Syria’s violence prompts worst humanitarian crisis in a century
08/29/2014 5:49 PM
08/29/2014 6:13 PM
Nearly half of Syria’s population has been displaced either internally or externally as refugees in the worst humanitarian crisis to strike the Middle East in at least a century, according to new data released by the International Rescue Committee.
The complex civil war, which has now morphed into a three-way free-for-all among rebels, the Syrian regime and a caliphate of Islamic extremists attacking virtually everyone, has driven at least 3 million people from Syria into neighboring countries. The movement is stressing already fragile nations such as Jordan and Lebanon, who have born the brunt of the exodus even as both deal with their own unstable internal political situations.
Turkey also has received hundreds of thousands of refugees and continues to struggle to control its own border; thousands of foreign Jihadi fighters have used Turkey to access the Syrian battlefield. They offset the tens of thousands of Syrian fleeing the fighting, leaving southern Turkey awash in desperate refugees and militants of all stripes.
In terms of world history, the IRC, considered one of the world’s most effective aid organizations, says the situation has reached a level of disaster not seen worldwide since the Rwandan genocide, more than 20 years ago that saw fewer people – about 1.5 million _ displaced but nearly a million killed. The casualties in the Syrian conflict have been estimated by the United Nations conservatively at over 200,000 dead since it began in early 2011.
The lack of a coordinated international effort to address such a enormous catastrophe in the volatile region makes no sense in the modern era, according to an IRC official.
“This new milestone is as unacceptable as it is tragic. This level of human suffering, anguish and misery does not belong in the 21st century – it is a devastating new hallmark of human failure,” said IRC president David Miliband. “It should not take these numbers for the crisis to hit the headlines – we are witnessing the biggest humanitarian catastrophe for a generation in one of the least stable and most dangerous parts of the world. This crisis needs more public attention, more international financing and crucially more political endeavor to tackle the root of the crisis: political dysfunction that has led to violence, chaos and death.”
The situation in Lebanon, which has absorbed at least 1.2 million refugees into an already unstable population of about 4 million people – and an additional estimated 300,000 Palestinian refugees that have been living in camps for decades – poses the greatest concern. With a government widely considered the least effectual in an already unstable region, Lebanon has refused to formulate an official government plan to deal with crisis, leaving virtually all of the aid and organizational work to either outside aid groups or even to the refugees themselves, who instead of living in camps where the population can be easily accessed by aid groups – such as the enormous Zaatari Camp in northern Jordan – are scattered throughout Lebanon in small makeshift camps, private homes, or even living on the streets.

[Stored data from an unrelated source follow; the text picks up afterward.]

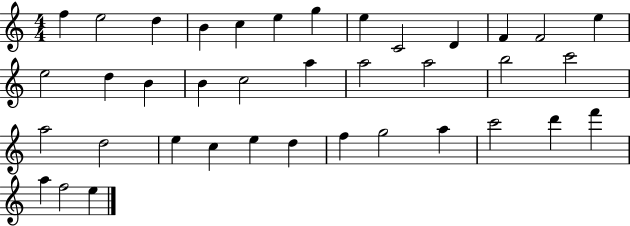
F5/q E5/h D5/q B4/q C5/q E5/q G5/q E5/q C4/h D4/q F4/q F4/h E5/q E5/h D5/q B4/q B4/q C5/h A5/q A5/h A5/h B5/h C6/h A5/h D5/h E5/q C5/q E5/q D5/q F5/q G5/h A5/q C6/h D6/q F6/q A5/q F5/h E5/q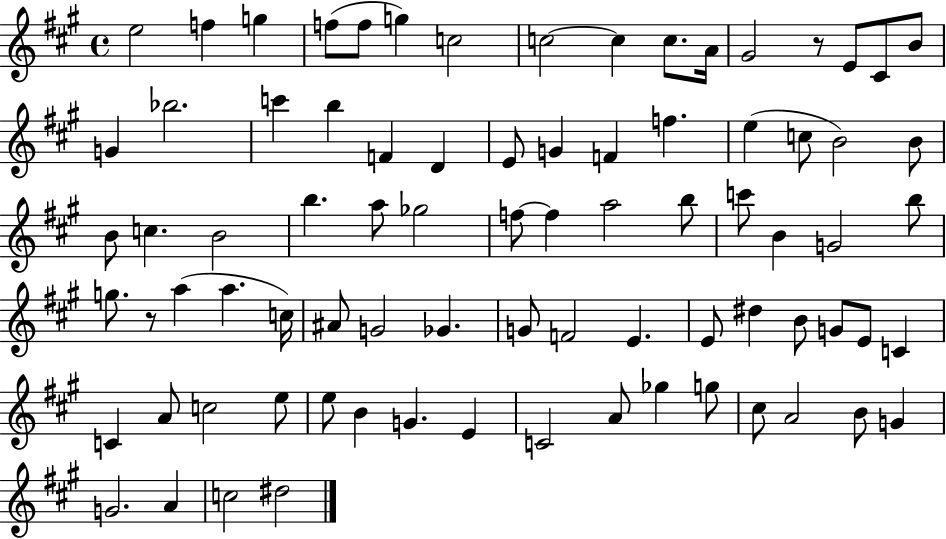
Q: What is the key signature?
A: A major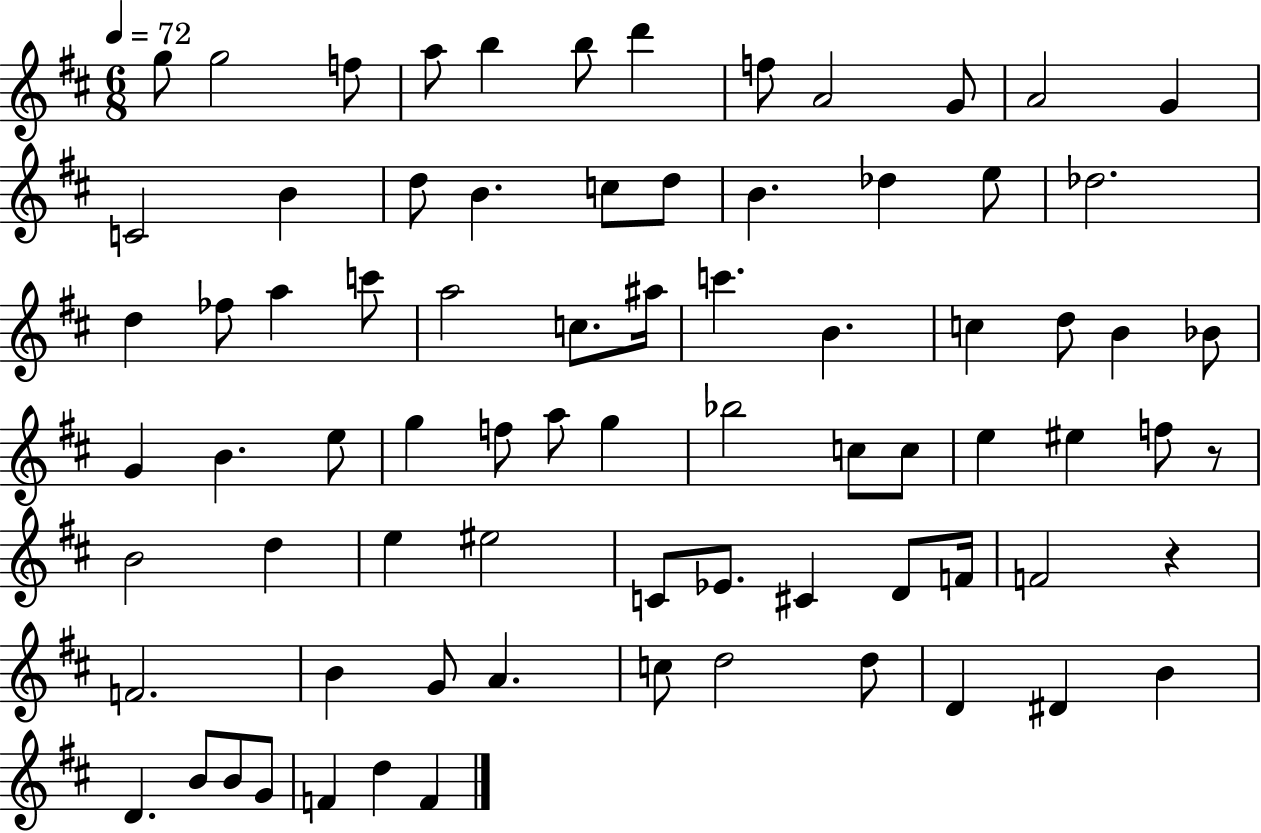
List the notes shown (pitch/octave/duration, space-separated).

G5/e G5/h F5/e A5/e B5/q B5/e D6/q F5/e A4/h G4/e A4/h G4/q C4/h B4/q D5/e B4/q. C5/e D5/e B4/q. Db5/q E5/e Db5/h. D5/q FES5/e A5/q C6/e A5/h C5/e. A#5/s C6/q. B4/q. C5/q D5/e B4/q Bb4/e G4/q B4/q. E5/e G5/q F5/e A5/e G5/q Bb5/h C5/e C5/e E5/q EIS5/q F5/e R/e B4/h D5/q E5/q EIS5/h C4/e Eb4/e. C#4/q D4/e F4/s F4/h R/q F4/h. B4/q G4/e A4/q. C5/e D5/h D5/e D4/q D#4/q B4/q D4/q. B4/e B4/e G4/e F4/q D5/q F4/q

Their presence – and violent overflow from the battlefields in Syria – has already lead to a series of skirmishes centering around the eastern Beqqa city of Aarsal, which has nearly tripled in size from its peacetime population of about 50,000 people. Over the last month, what had been small scale occasional clashes between rebels and either the Lebanese Army or the Syrian regime aligned Shiite militant group Hezbollah turned into a full scale battle that saw dozens of Lebanese army soldiers killed, wounded or captured and much of Aarsal destroyed.

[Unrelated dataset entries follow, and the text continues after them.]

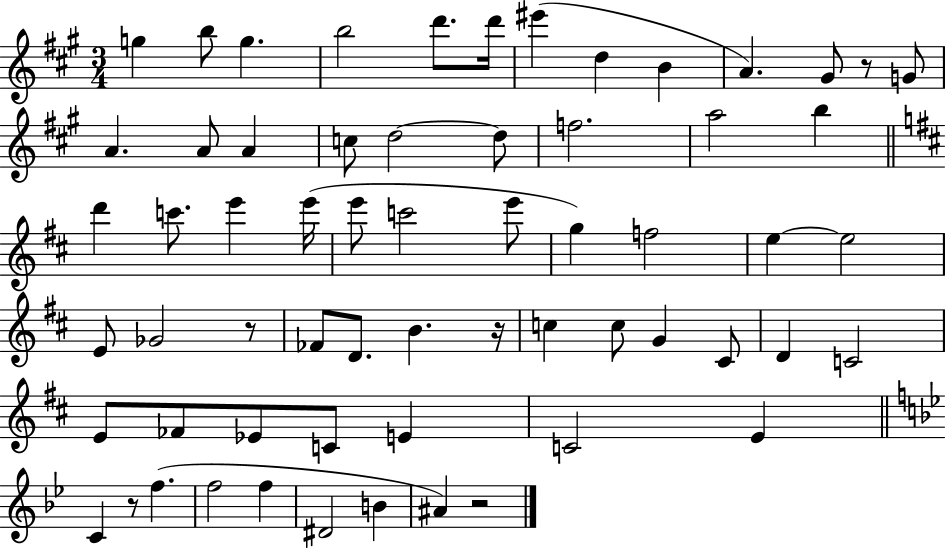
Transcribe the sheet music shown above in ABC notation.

X:1
T:Untitled
M:3/4
L:1/4
K:A
g b/2 g b2 d'/2 d'/4 ^e' d B A ^G/2 z/2 G/2 A A/2 A c/2 d2 d/2 f2 a2 b d' c'/2 e' e'/4 e'/2 c'2 e'/2 g f2 e e2 E/2 _G2 z/2 _F/2 D/2 B z/4 c c/2 G ^C/2 D C2 E/2 _F/2 _E/2 C/2 E C2 E C z/2 f f2 f ^D2 B ^A z2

In a video released Thursday, militants from the Islamic State reportedly beheaded one of the Lebanese army captives amid threats of more killings to come if Islamist prisoners held by the Lebanese government were not released. Jordan’s efforts have resulted in a giant camp city set 6 miles from the border, where refugees are isolated from the rest of the population. The Zaatari Camp in July was estimated to have 81,000 residents.
The report, however, points out that as staggering as the Syrian numbers might be, the situation in neighboring Iraq, where the Islamic State overran much of the northern and central portions of the country in a June blitz that saw much of the Iraqi army disperse, has forced the internal displacement of well over a million Iraqi people as well.
The relatively stable Kurdish Autonomous Region, whose security forces have so far kept the Islamic State from overrunning its major population centers has absorbed at least half a million Iraqi Arabs on top of tens of thousands of Syrian Kurds who had previously fled fighting in their home country.
With refugees from Mosul, Tikrit and a slew of small Christian villages overrun by the militants, virtually all the public space in the capital Irbil is filled with tents, as are all the churches and mosques. But with Kurdish and Arab interactions tense over the possibility of Islamic State militants, which include a sizable contingent of Kurds already, infiltrating the KRG to conduct terror attacks, security forces have already begun cracking down on refugees and turning away many from the border.
“We’re full, look around Irbil,” said one Kurdish security official, speaking on background because the policy has not been formalized even if it is in effect. “We’ve got 500,000 extra people to feed and 3 million to protect. And a war to fight.”
Prothero is a McClatchy special correspondent, reporting from Irbil, Iraq.